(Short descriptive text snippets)
*-*-*

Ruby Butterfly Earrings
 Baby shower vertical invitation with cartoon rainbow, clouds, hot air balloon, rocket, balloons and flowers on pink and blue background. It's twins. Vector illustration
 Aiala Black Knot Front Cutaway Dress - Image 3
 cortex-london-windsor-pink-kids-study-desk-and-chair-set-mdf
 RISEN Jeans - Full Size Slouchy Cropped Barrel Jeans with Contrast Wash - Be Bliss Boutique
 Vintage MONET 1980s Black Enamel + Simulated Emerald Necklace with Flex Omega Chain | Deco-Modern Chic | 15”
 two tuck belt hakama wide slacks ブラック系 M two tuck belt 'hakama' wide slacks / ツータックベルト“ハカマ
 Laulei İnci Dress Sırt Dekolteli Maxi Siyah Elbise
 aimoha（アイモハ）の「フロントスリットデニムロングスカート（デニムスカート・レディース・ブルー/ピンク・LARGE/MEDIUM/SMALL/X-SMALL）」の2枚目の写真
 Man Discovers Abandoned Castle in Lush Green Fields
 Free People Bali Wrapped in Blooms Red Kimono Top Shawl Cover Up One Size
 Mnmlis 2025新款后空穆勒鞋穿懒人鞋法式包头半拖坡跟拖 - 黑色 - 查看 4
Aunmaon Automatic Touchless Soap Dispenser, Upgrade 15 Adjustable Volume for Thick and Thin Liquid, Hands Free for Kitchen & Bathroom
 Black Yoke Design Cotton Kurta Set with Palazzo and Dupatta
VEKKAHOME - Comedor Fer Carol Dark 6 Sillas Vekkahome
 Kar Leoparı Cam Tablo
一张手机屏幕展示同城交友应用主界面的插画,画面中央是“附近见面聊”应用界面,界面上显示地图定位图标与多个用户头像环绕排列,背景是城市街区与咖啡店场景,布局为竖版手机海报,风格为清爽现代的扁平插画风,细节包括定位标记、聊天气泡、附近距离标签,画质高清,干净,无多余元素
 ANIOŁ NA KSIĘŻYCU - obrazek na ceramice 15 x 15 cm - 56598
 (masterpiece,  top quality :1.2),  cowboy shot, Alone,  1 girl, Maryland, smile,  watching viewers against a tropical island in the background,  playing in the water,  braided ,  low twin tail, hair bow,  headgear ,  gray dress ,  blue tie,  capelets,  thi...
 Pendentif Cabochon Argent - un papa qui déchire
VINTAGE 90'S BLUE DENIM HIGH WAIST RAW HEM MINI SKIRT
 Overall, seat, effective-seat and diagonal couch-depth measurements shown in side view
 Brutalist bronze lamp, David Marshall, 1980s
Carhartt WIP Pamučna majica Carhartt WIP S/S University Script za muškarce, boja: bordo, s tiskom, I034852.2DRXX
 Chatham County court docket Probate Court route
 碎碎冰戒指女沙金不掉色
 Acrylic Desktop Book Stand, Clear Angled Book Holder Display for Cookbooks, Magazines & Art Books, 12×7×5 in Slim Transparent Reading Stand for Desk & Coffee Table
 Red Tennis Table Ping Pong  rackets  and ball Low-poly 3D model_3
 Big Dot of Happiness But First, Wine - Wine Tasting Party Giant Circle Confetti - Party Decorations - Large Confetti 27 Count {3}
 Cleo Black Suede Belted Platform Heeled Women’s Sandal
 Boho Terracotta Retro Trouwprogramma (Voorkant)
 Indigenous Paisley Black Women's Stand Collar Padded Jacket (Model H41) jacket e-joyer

*-*-*

ASSIGNMENT: The response should contain only a verbatim copy of the lines from the line with "Red Tennis Table" to the final line of the records.

SOLUTION FOR THIS TASK:
 Red Tennis Table Ping Pong  rackets  and ball Low-poly 3D model_3
 Big Dot of Happiness But First, Wine - Wine Tasting Party Giant Circle Confetti - Party Decorations - Large Confetti 27 Count {3}
 Cleo Black Suede Belted Platform Heeled Women’s Sandal
 Boho Terracotta Retro Trouwprogramma (Voorkant)
 Indigenous Paisley Black Women's Stand Collar Padded Jacket (Model H41) jacket e-joyer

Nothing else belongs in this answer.